UG: Du wehrst dich gegen etwas Unbestimmtes?
PB: Ich wehre mich gegen die Pflicht zur Korrektheit, gegen das Regulativ, dagegen, dass soviel wie möglich stimmen, richtig sein muss. Das ist mir zuwider, das interessiert mich nicht.


UG: Was für viele stimmt, stimmt für dich also nicht, ist für dich nicht relevant?
PB: Ich denke, dass immer nur stimmt, was für den Einzelnen stimmt. Viele glauben, sich an Regeln halten zu müssen, um außer Gefahr zu sein. In der künstlerischen Arbeit muss man das nicht.


UG: Die Gesellschaft hält sich den Künstler, weil er Regeln bricht?
PB: Es ist genau umgekehrt, ohne Künstler gibt es die Gesellschaft nicht. Eine in Regeln und Sicherheit erstarrte Welt ist nicht lebensfähig, da sie sich nicht weiter entwickelt. Der Künstler ist der Gesellschaft immer einen Schritt voraus. Er schlägt etwas vor, das von Anderen als Modell aufgegriffen werden kann.

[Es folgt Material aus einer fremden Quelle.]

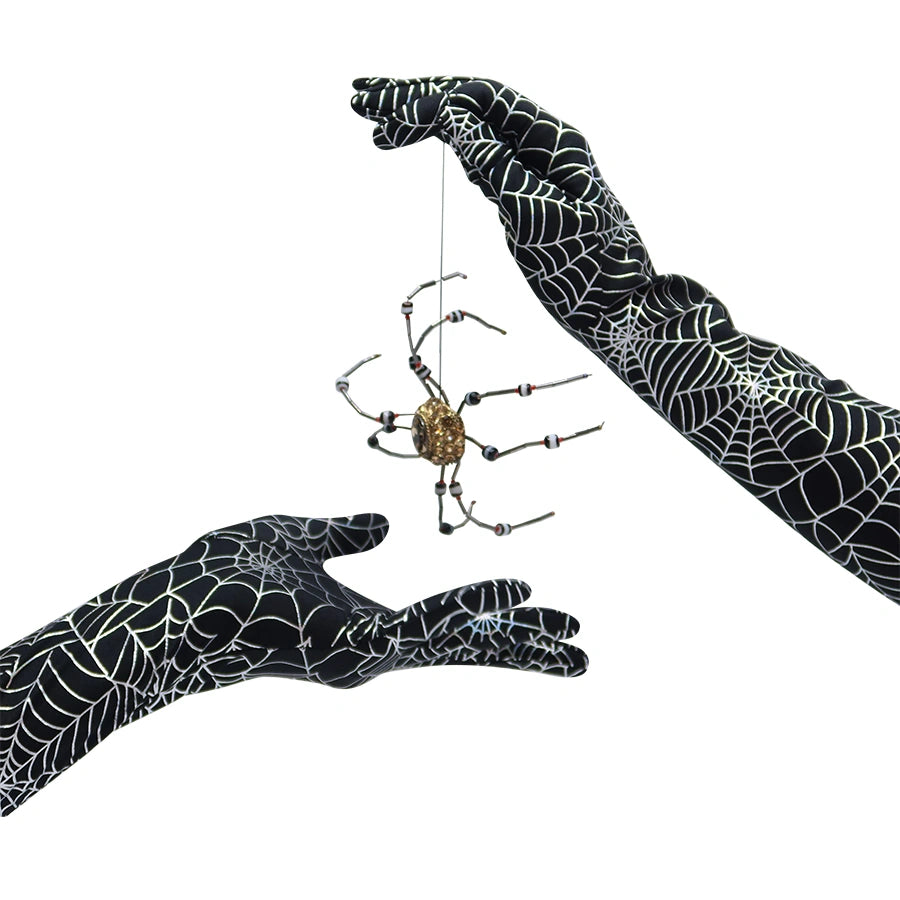 image of Long spiderweb print gloves holding a beaded spider trinket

UG: Peter Baldinger zeigt also letztlich mit seinen Bildern die Ungewissheit der uns umgebenden Welt.
PB: So ist es wahrscheinlich. Etwas anderes könnte ich nicht zeigen, da ich etwas anderes nicht sehe.

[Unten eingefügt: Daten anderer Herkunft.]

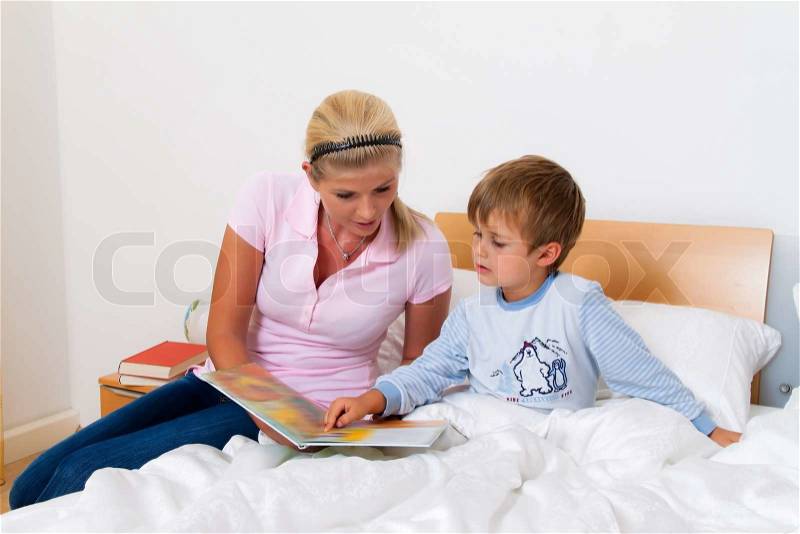 A mother and child in bed to read the stories, stock photo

UG: Du malst Individuen, weil sie den Unsicherheitsfaktor darstellen?
PB: So wie ich den einzelnen Menschen sehe, zeigt ein Bild der Unschärfe, der Unsicherheit für den Betrachter. Ein Porträt von hinten, ein Individuum durch eine Riffelglasscheibe betrachtet, vermittelt Unschärfe und hinterlässt Unsicherheit.


UG: Deine Individuen befinden sich in einem andauernden Schwebezustand?
PB: Ich hebe sie aus der Masse hervor, aber sie bleiben undeutlich. Ich will damit sagen: Was man sieht muss nicht sein, was es ist. Wir leben mit Vorurteilen, die wir ständig anwenden. Das ist nicht von vornherein negativ, sondern eher selbstverständlich, weil wir ein optisches Sinnesorgan haben. Wir ordnen unsere optischen Eindrücke in den Katalog unserer Erfahrungen ein. Das ist fürs erste auch normal. Schlimm ist nur, wenn wir aus Bequemlichkeit oder Unbelehrbarkeit beim ersten Eindruck bleiben und diesen nicht korrigieren, auch wenn bereits eine bessere Erkenntnis vorhanden ist. Ich habe Vorurteile und muss sie auch immer wieder neu überprüfen. Dabei lerne ich.


UG: Wie kommt es zu der Serie von Porträts türkischer Menschen?
PB: Jedes Projekt hat unmittelbar mit dem momentanen Erleben zu tun. Ich war in den vergangenen Jahren oft in Istanbul, habe Freunde dort. Es gibt eine starke Verbindung dorthin. Und da ich meine Sujets immer bei den Menschen finde, die mich gerade umgeben, kam es dazu.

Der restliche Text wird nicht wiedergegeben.